- [What the exercise asks] The range runs from the line containing "JeepTag is a" to the last line of the entries. Restate those lines word for word, without the pictures.

(Collected data)
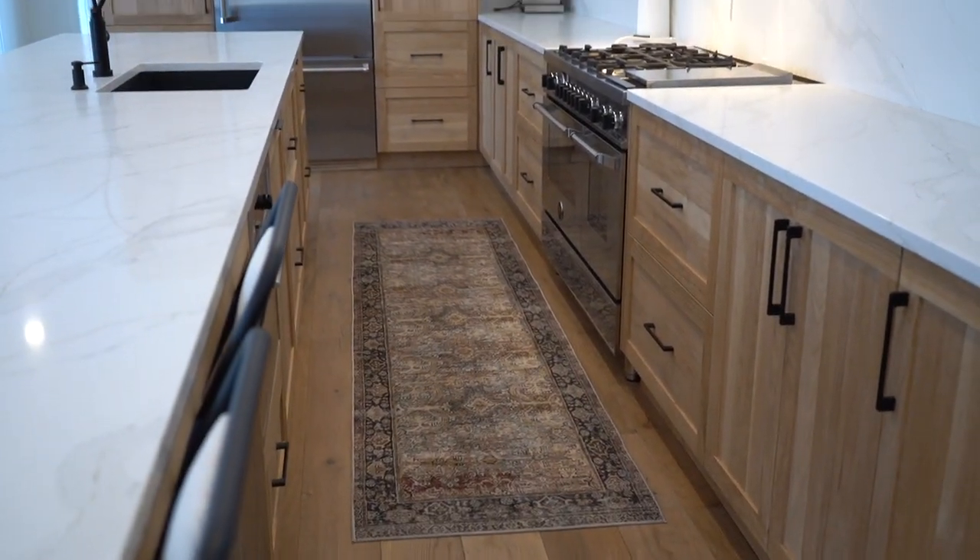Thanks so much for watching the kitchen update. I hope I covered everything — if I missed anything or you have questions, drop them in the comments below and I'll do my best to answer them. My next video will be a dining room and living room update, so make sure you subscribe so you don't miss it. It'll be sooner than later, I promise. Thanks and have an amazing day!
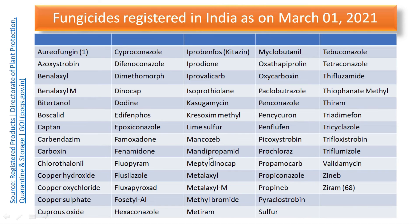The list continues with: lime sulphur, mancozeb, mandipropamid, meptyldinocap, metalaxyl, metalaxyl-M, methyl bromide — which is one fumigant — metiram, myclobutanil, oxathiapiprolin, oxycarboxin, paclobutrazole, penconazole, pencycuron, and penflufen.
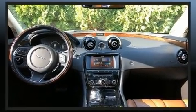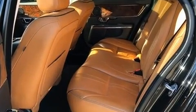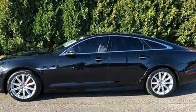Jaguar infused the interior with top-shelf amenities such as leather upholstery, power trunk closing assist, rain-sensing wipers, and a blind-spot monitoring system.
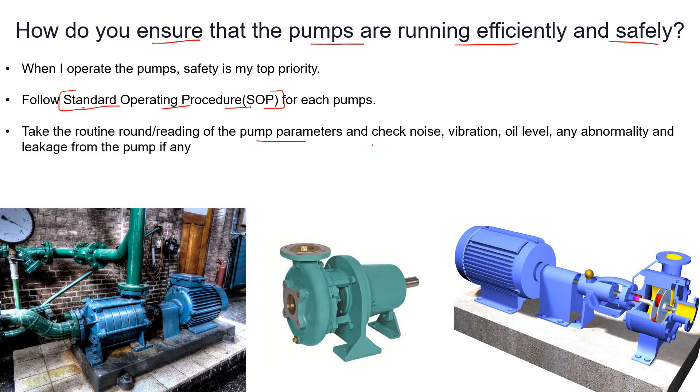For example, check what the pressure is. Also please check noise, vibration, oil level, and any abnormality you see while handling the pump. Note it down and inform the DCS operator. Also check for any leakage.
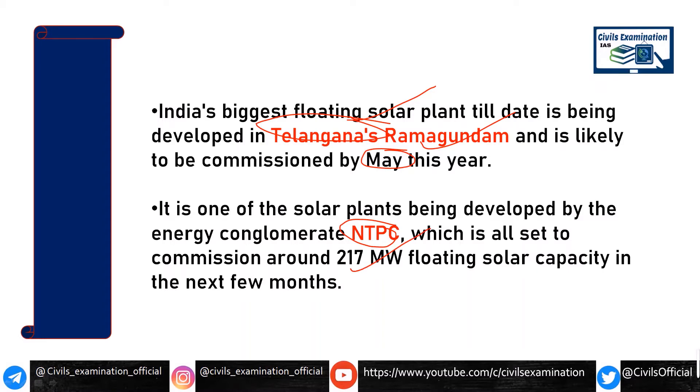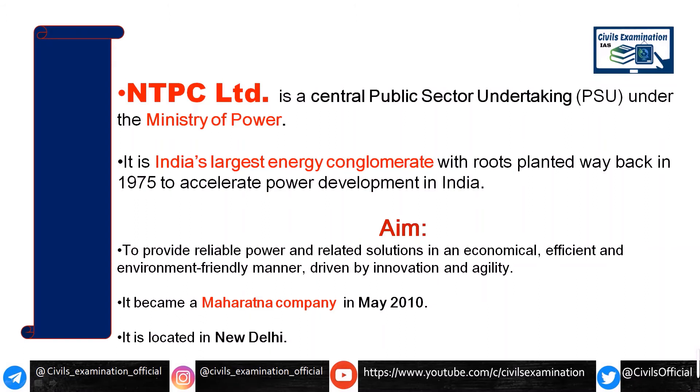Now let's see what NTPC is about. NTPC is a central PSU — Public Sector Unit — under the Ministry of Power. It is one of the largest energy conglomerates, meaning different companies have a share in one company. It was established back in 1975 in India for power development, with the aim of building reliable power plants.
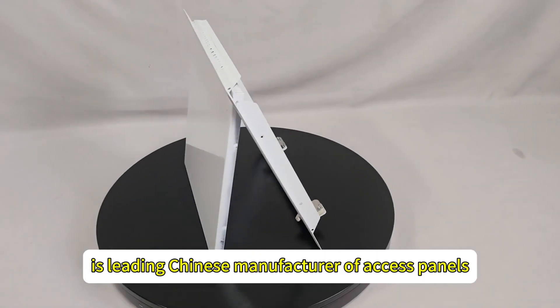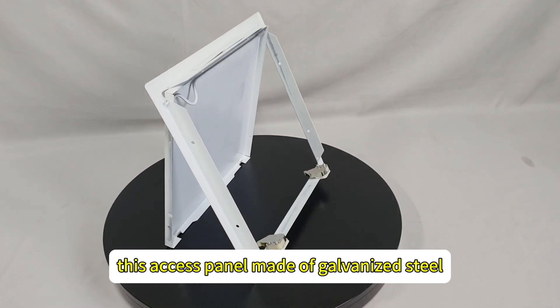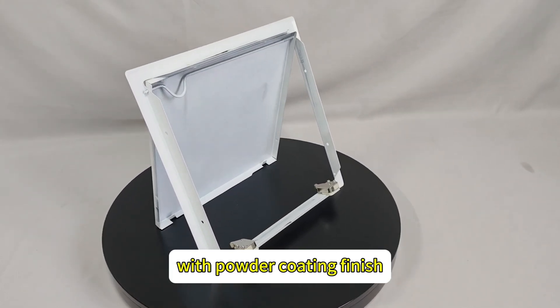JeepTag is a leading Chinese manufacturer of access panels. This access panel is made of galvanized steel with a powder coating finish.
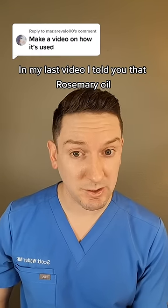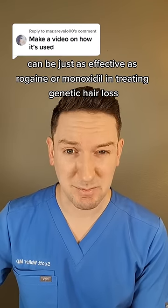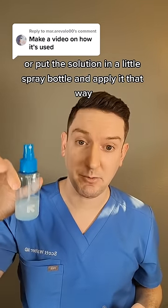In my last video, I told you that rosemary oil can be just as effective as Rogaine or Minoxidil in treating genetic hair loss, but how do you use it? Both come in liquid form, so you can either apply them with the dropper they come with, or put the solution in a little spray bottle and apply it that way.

- [Exercise solution]
JeepTag is a leading Chinese manufacturer of access panels. This access panel is made of galvanized steel with a powder coating finish.
In my last video, I told you that rosemary oil can be just as effective as Rogaine or Minoxidil in treating genetic hair loss, but how do you use it? Both come in liquid form, so you can either apply them with the dropper they come with, or put the solution in a little spray bottle and apply it that way.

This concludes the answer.